A major example has been playing out since March 2024: Redis adopted a dual-source-available license, and much of the Redis community revolted. Some lambasted them on social media, and others forked an open-source alternative that many have pledged to use instead. The same story played out with MongoDB and Elastic when the former invented the SSPL and the latter adopted it.
More organizations than ever are making open-source work, but there seem to be endless headlines about organizations running afoul of their communities in big and small ways.
Now is a great time to step back from the controversies and ask a question that underlies these issues: What does it really take to start, build, and maintain a strong open-source community? All the possibilities – both the good ones and the bad ones – depend on this first step.
Measure community strength in two dimensions
I worked at Hashicorp for over three years, and before that, I regularly contributed to Vagrant (which is where I became friends with Hashicorp founder Mitchell Hashimoto).
Over time, before and after mine, both communities scaled and transformed along the way. I was there while those communities changed and watched many more in other ways. Everyone cared about the “strength” of the community, but few, if any, had a clear way of defining strength.

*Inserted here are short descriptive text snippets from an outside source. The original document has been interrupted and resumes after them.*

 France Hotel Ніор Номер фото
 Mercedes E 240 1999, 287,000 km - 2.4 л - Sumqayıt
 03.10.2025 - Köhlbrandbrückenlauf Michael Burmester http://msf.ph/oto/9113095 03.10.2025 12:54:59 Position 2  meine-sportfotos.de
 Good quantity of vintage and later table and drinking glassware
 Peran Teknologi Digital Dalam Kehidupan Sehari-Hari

“Strength” is ultimately a subjective term, and not all strong communities will be strong in the same way, especially over time. Growing projects face the choice (whether they realize it or not) to focus on depth or breadth. As projects widen and scale, community strength can change, and projects can become healthy or unhealthy.
Breadth
In a breadth-focused community, maintainers open the community to many contributors and to many types of contributions. Maintainers have a lower bar for who can join but often need more governance procedures to scale sustainably.
Kubernetes is a perfect example. Even before it became a CNCF project, Kubernetes had many external contributors from many different companies. Other Hashi products, such as Envoy or Istio, are also good examples of breadth-based communities.

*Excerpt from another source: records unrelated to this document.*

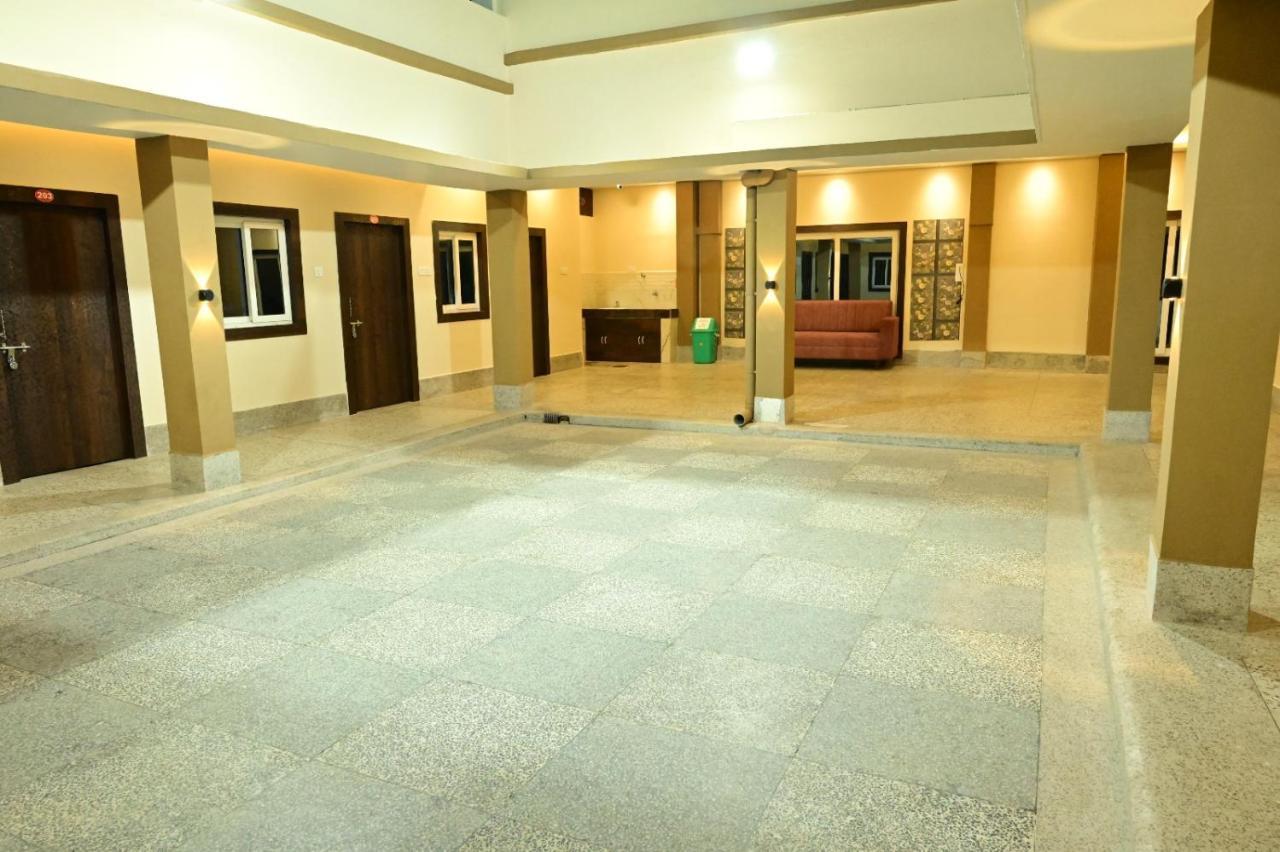 Chanduka Palace Пури Экстерьер фото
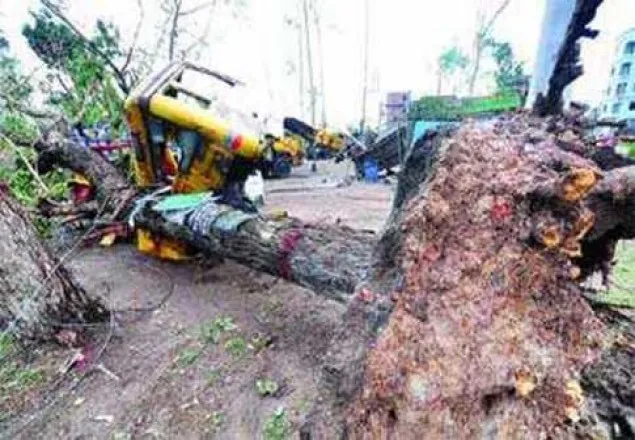 কুমিল্লায় কালবৈশাখীতে ব্যপক ক্ষয়ক্ষতি, নিহত ১
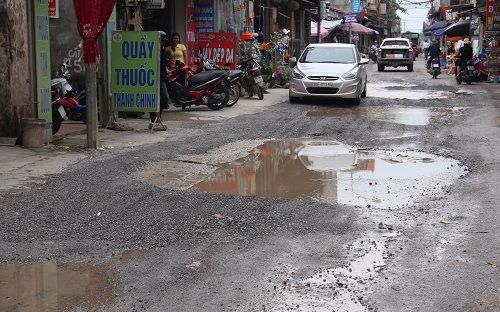 Hà Nội: Người dân khổ sở vì nhiều "ao nhỏ" mọc giữa đường - Ảnh 7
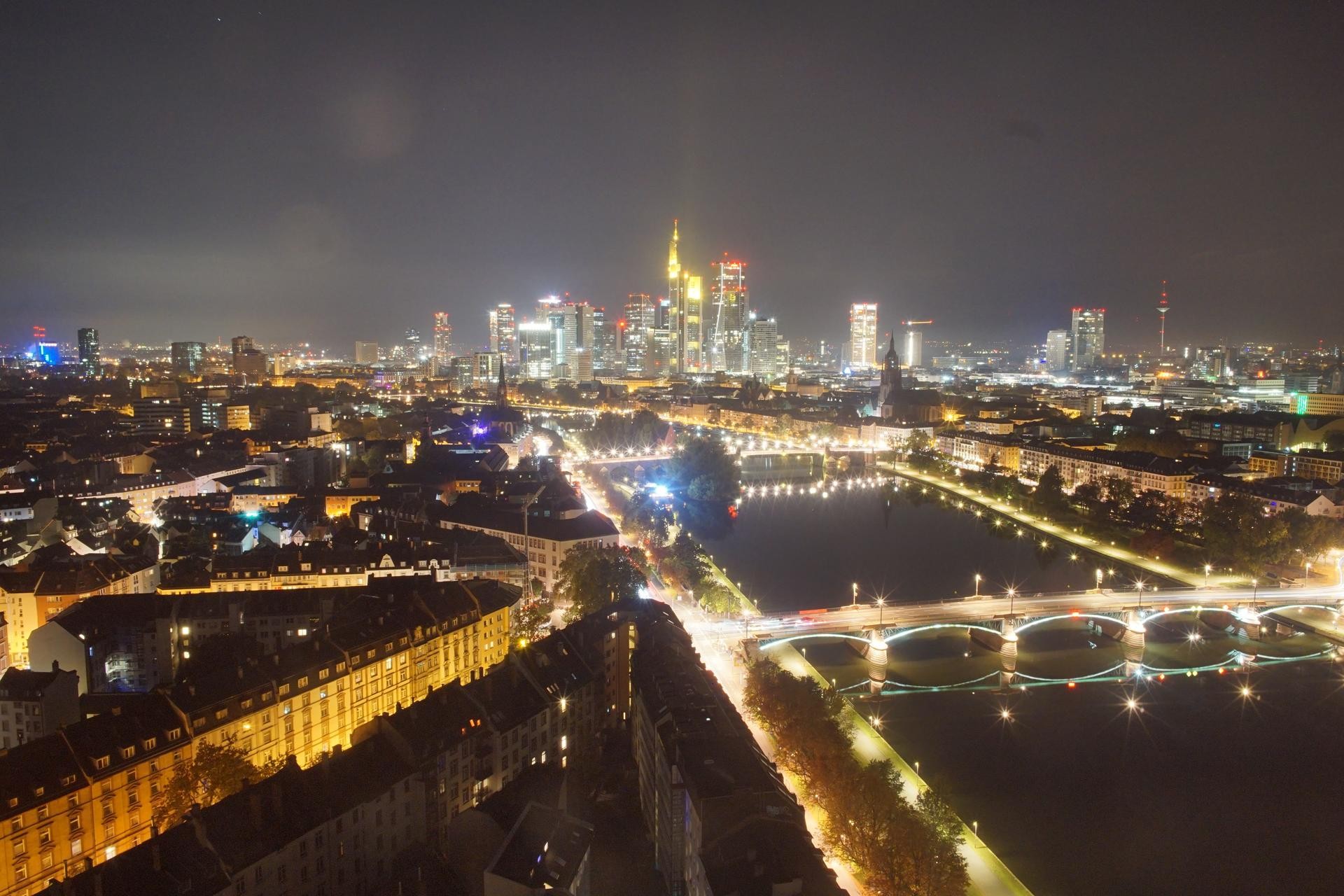 Archived image Webcam Panoramic View over to the Skyline of Frankfurt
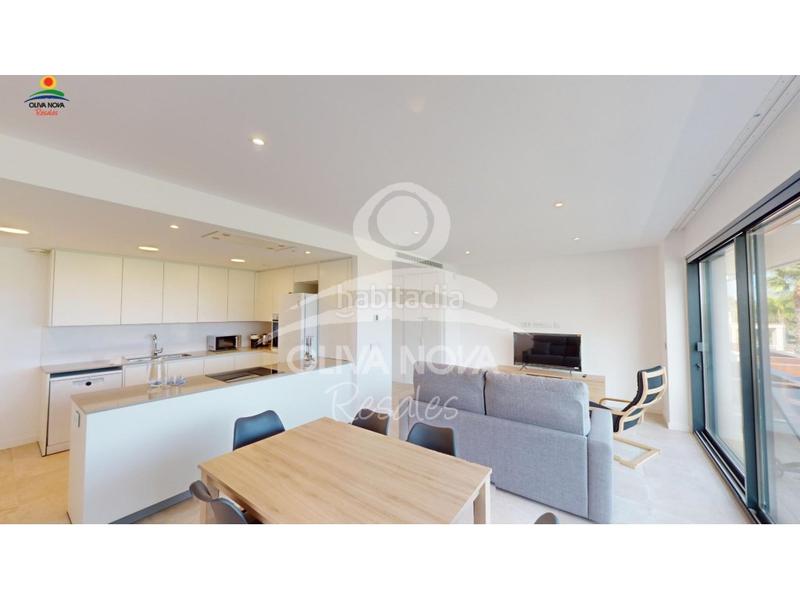 Foto fc7a52ff-bf0b-48e2-b663-912d393d750c. Apartament amb aparcament piscina a Oliva nova Oliva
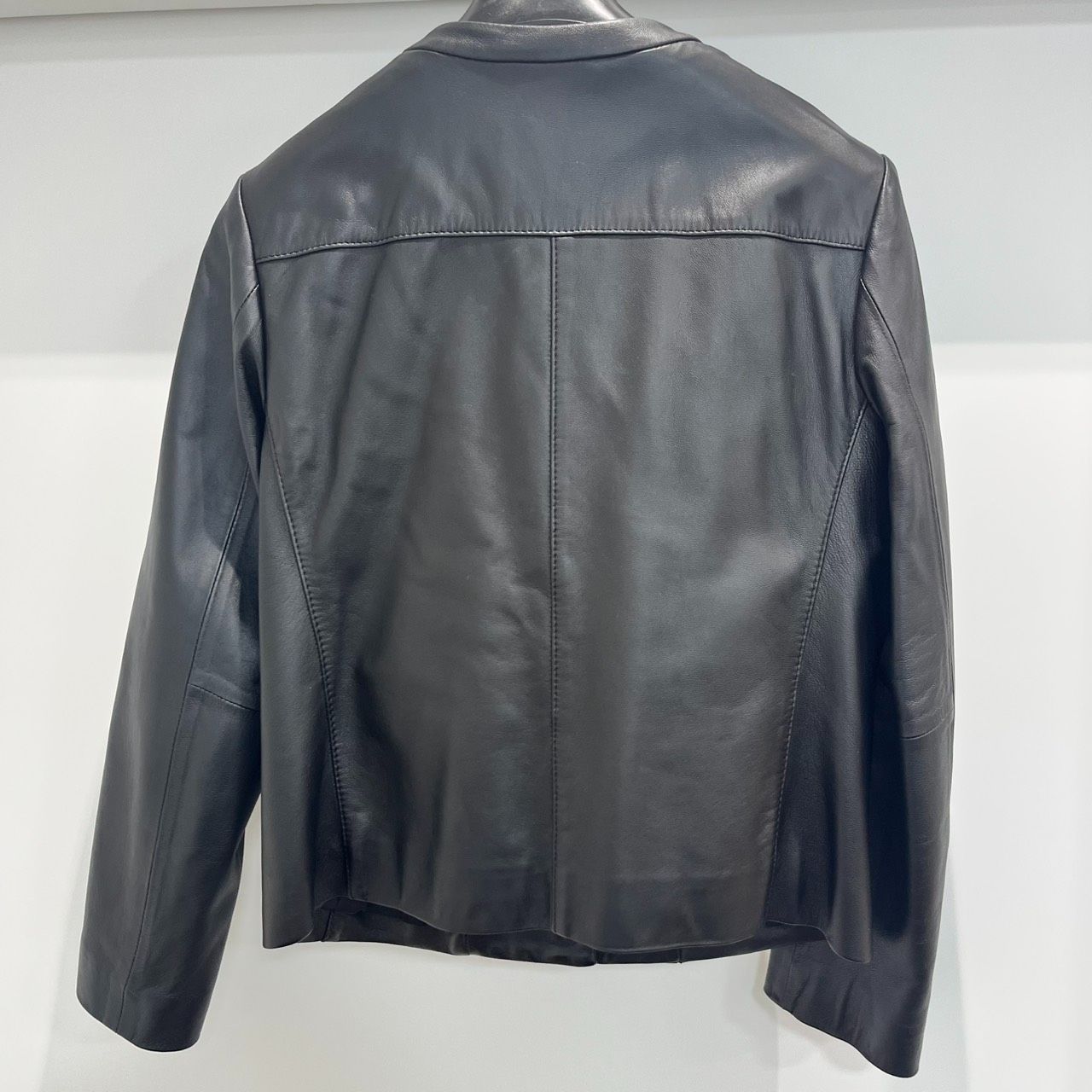 23区 シープレザージャケット スナップボタン ノーカラー スナップ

Sometimes, these communities start small, grow, and then subdivide. Kubernetes, for example, has a range of special interest groups, allowing an otherwise diffuse community to specialize and for contributors to bring some level of focus to their work. If these broad communities didn’t subdivide at all, you’d likely have most contributors running around like chickens with their heads cut off – resulting in little “community” to speak of.
With a breadth-focused community, going an entire month without having contributions from new people could mean the project is no longer healthy or that people don't feel welcome. At this point, projects of this scale are also running meetups, employing regional captains, and events, providing many more ways to think about and evaluate community health.
Depth
In a depth-focused community, maintainers keep the community somewhat exclusive. Maintainers keep a high bar for who’s allowed to participate in the community.
Linux is the clear example here. Linux's culture infamously prizes “hardcore” programmers and sets a high bar for coding talent. Just look at Steven Rostedt, a software engineer at Google, who tried to contribute to Linux and faced, like many contributors before him, criticism from Linus: “You copied that function without understanding why it does what it does, and as a result your code IS GARBAGE.”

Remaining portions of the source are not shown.